Harris and Klebold lived on, for me, in the footage of them stalking their school cafeteria in battle get-ups with huge guns. I have no conception of the event outside of the pictures of their classmates crying in the school parking lot. “Trench coat mafia” had no referent for me — trench coats had no referent, really — until I saw them in the news. Similarly, the 1966 tower shooting is an event inseparable from its coverage in the news, making the lack of real reckoning with it over the years a mysterious problem. On the other hand, its afterlife in images explains how quickly it became fodder for movies, starting with Targets. Much later, in 1995’s Higher Learning, starring Omar Epps and Laurence Fishburne, an insecure white undergrad (played by Michael Rapaport) opens fire from a tower on his college campus for a supremacist gang initiation. He specifically targets black students, unlike Whitman, and yet Whitman’s place in the cultural imagination gets reiterated nevertheless. The 1966 event itself provided us with 15 minutes of news footage available today. But those silent, gray images of students ducking bullets to retrieve their classmates’ bodies, and of gun smoke billowing from a hole on the observation deck of the tower as Whitman fired his shots, were seared into the nation’s memory.

The stark contribution of Maitland’s film is to try to meet this discourse on its own turf. The rotoscoped retellings, which hop from narrator to narrator, begin in the gray tones of the news footage. Detailed accounts unspool from survivors in their younger, animated forms, sometimes superimposed onto the news footage, which props them up into their own histories like matte paintings in Hollywood movies. Their narratives are constantly interrupted by percussive gunshots that don’t stop until Whitman is dead. And when those bullets strike bodies, the images explode into color, which eventually takes over. These breaks in form culminate in a turn I didn’t initially see coming: Toward the end the animation ceases and the rotoscoped, younger narrators are replaced, in the present, by the actual survivors. It’s like watching time collapse.

It’s in part a tribute to its subjects’ survival, but it’s also a nod to the power of testimony, and the violence of so many years of silence. As they speak, the movie’s survivors become more than journalism or imagery: They become real. So does their pain.

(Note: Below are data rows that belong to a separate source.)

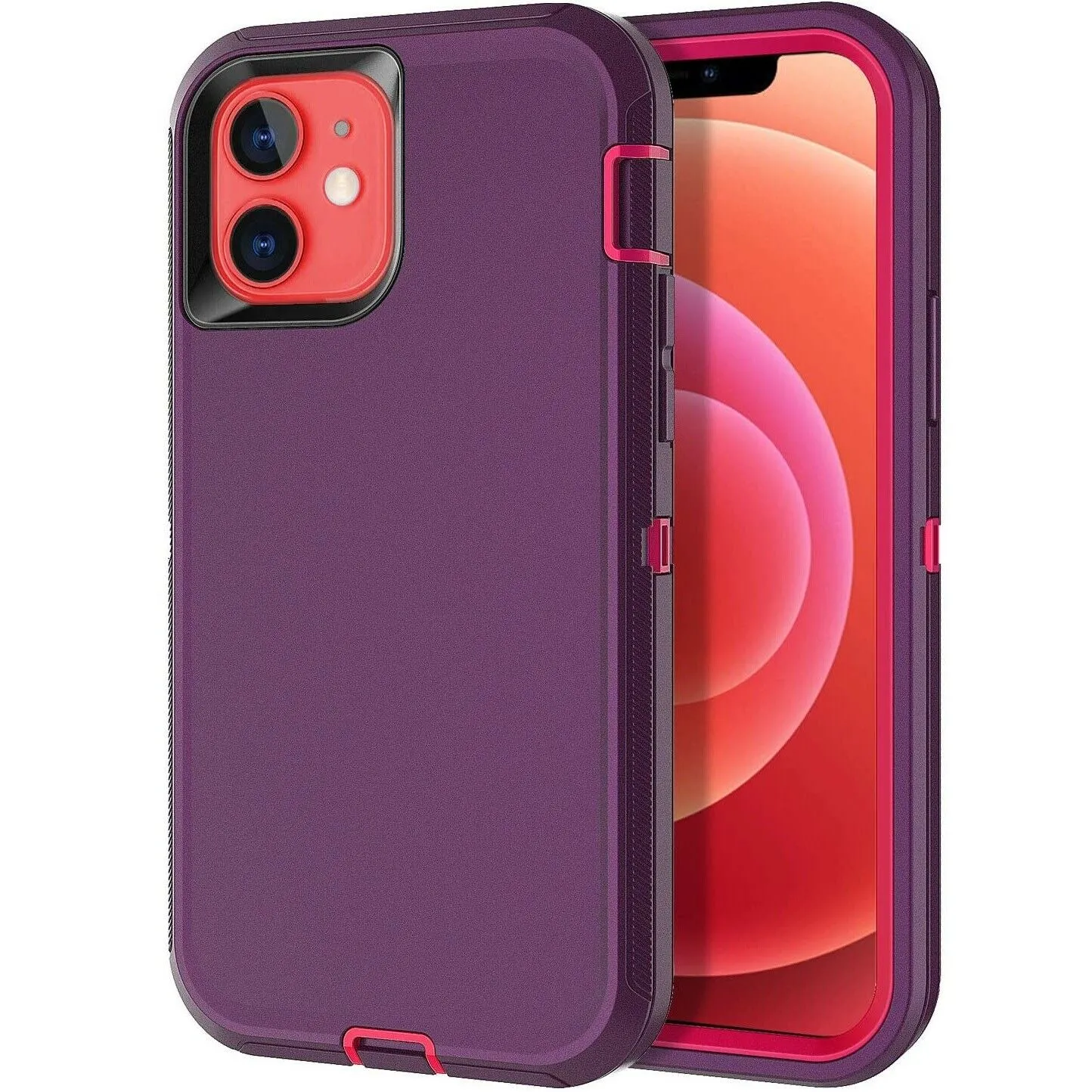 For iPhone 14 Case Rugged Hybrid Defender Armor Trades Shockproof Tough Drop Resistant Cover
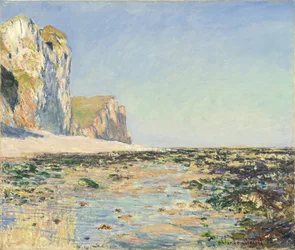 La costa y los acantilados de Pourville por la mañana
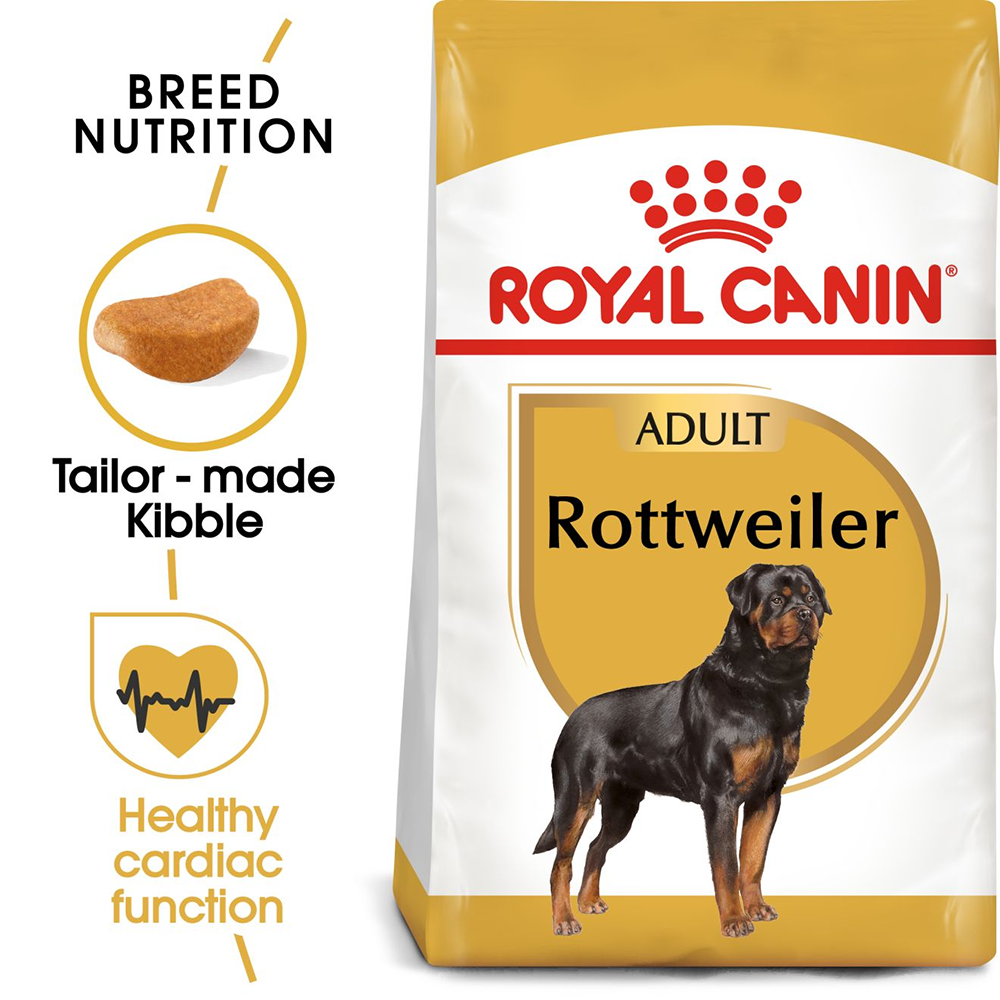 Royal Canin Rottweiler Adult Dog Food - Heads Up For Tails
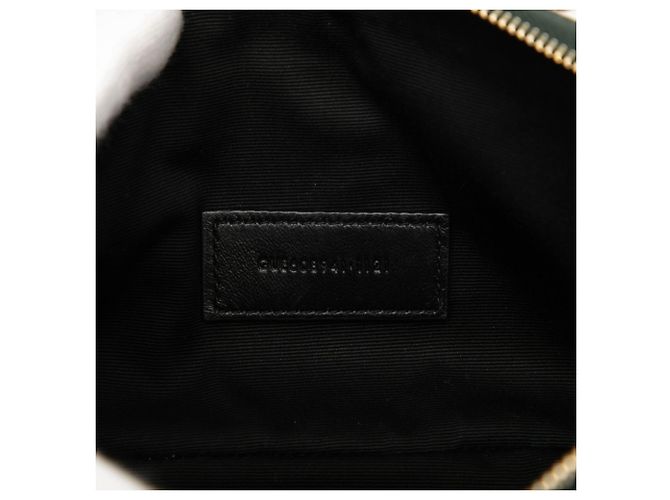 Pochette Becky con logo Saint Laurent YSL a doppia zip, borsa a tracolla con catena Verde - vista 6
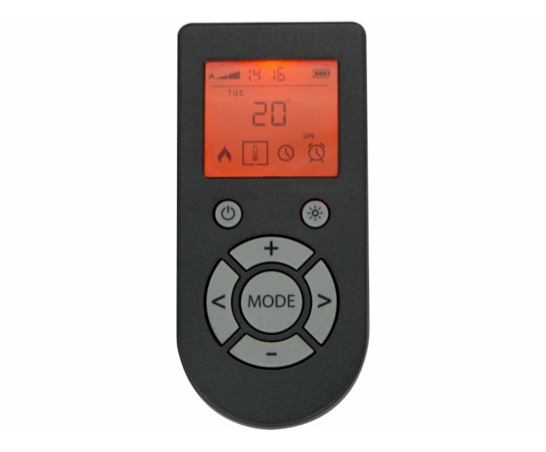 Hallie Inset Stove in Black with Remote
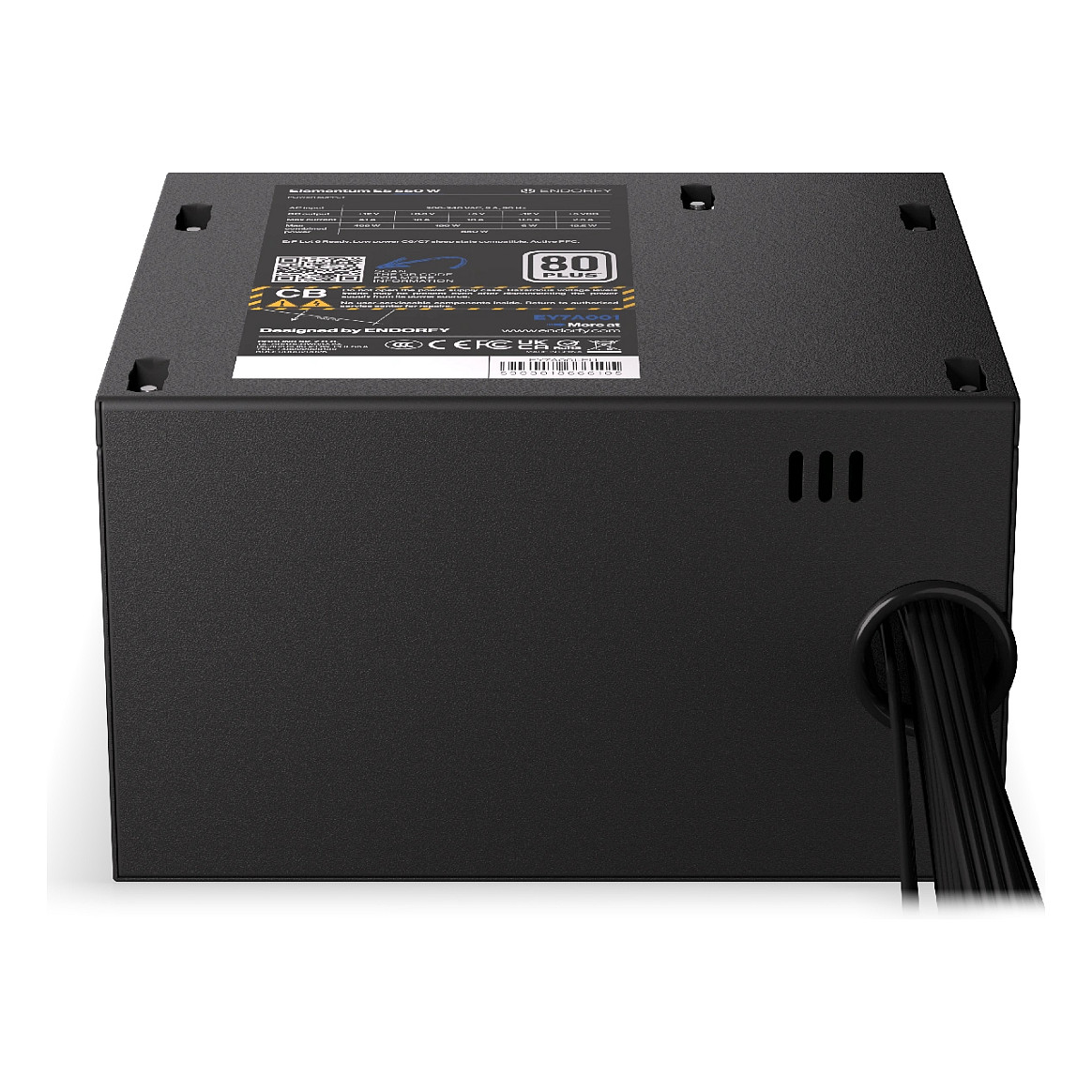 Furnizues Energjie Endorfy Elementum E5 / 550W / ATX / 80 PLUS Bronze / Non-Modular - Zezë - 8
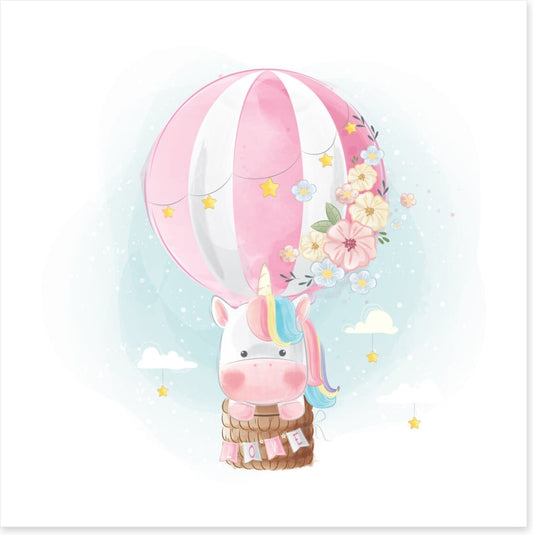 Unicorn in the basket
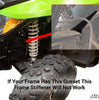 SuperATV Arctic Cat Wildcat Trail Frame Stiffener PGH-5-40-FS-02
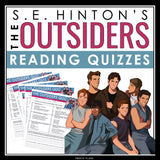 The Outsiders Quizzes - Multiple Choice and Quote Chapter Quizzes - Answer Key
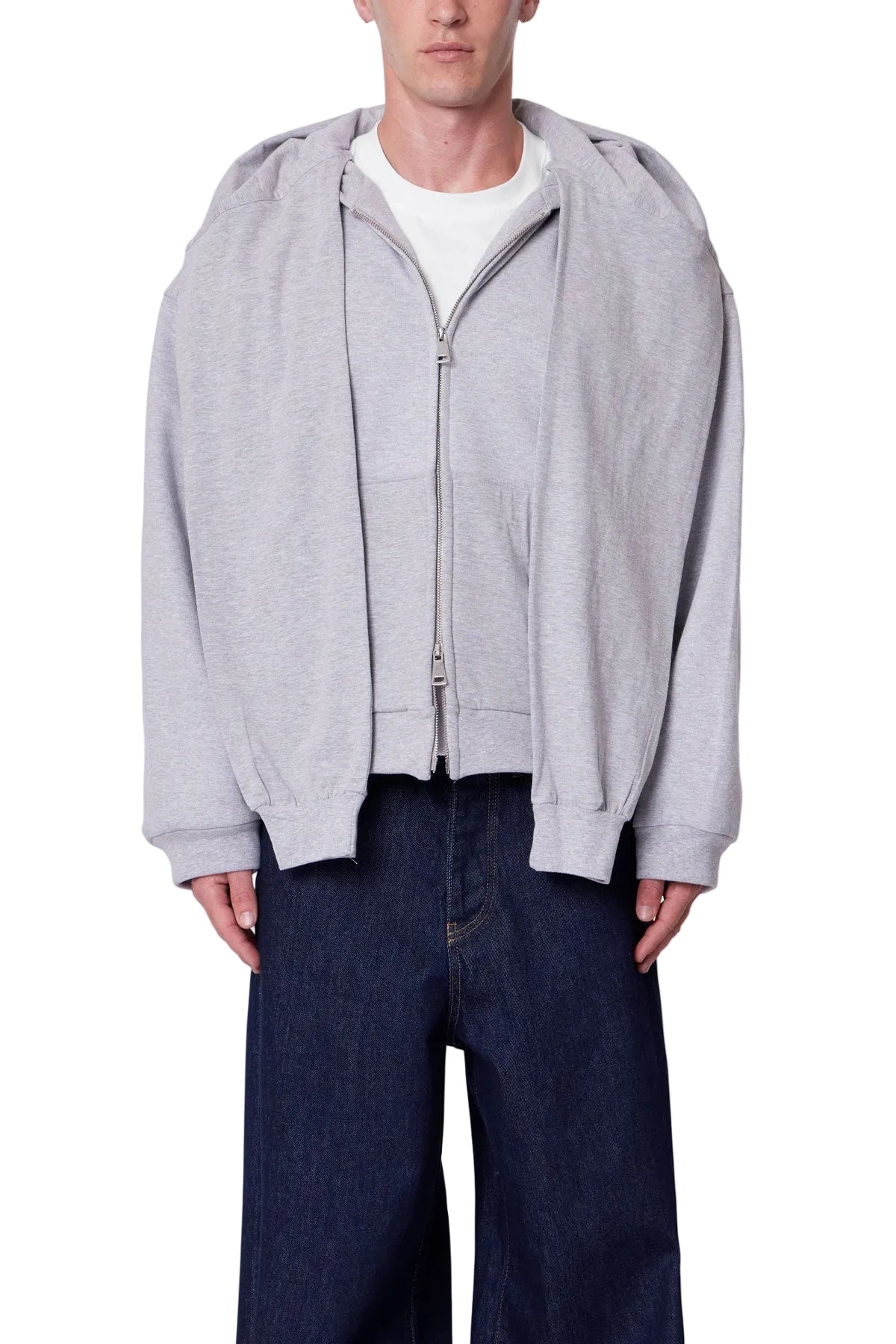 MNML Double Layer Sleeve Scarf Hoodie
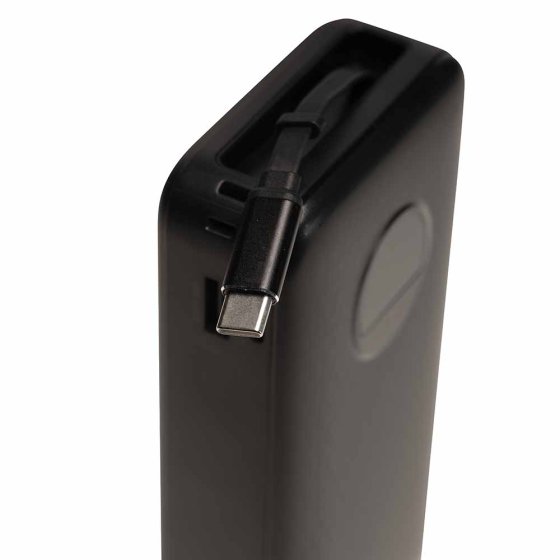 Power-Ladegerät mit integriertem USB-C-Kabel 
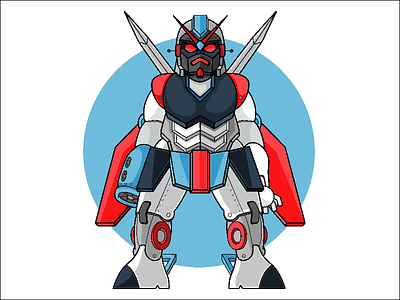 Gundam art character design gundam illustration illustrator japan robot robô vector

Tower’s immediate focus is on the victims — very little time is spent unpacking the inner life or motivations of Whitman — but this isn’t exactly a film about victimhood. It’s a film about history. A foundational event like this can knock your sense of the world — your physical sense of the world, as a huge public space with you somewhere in it — off its anchor. Tower valiantly tries to restore that anchor, even as it knows the next shooting, whenever it is, will defy it.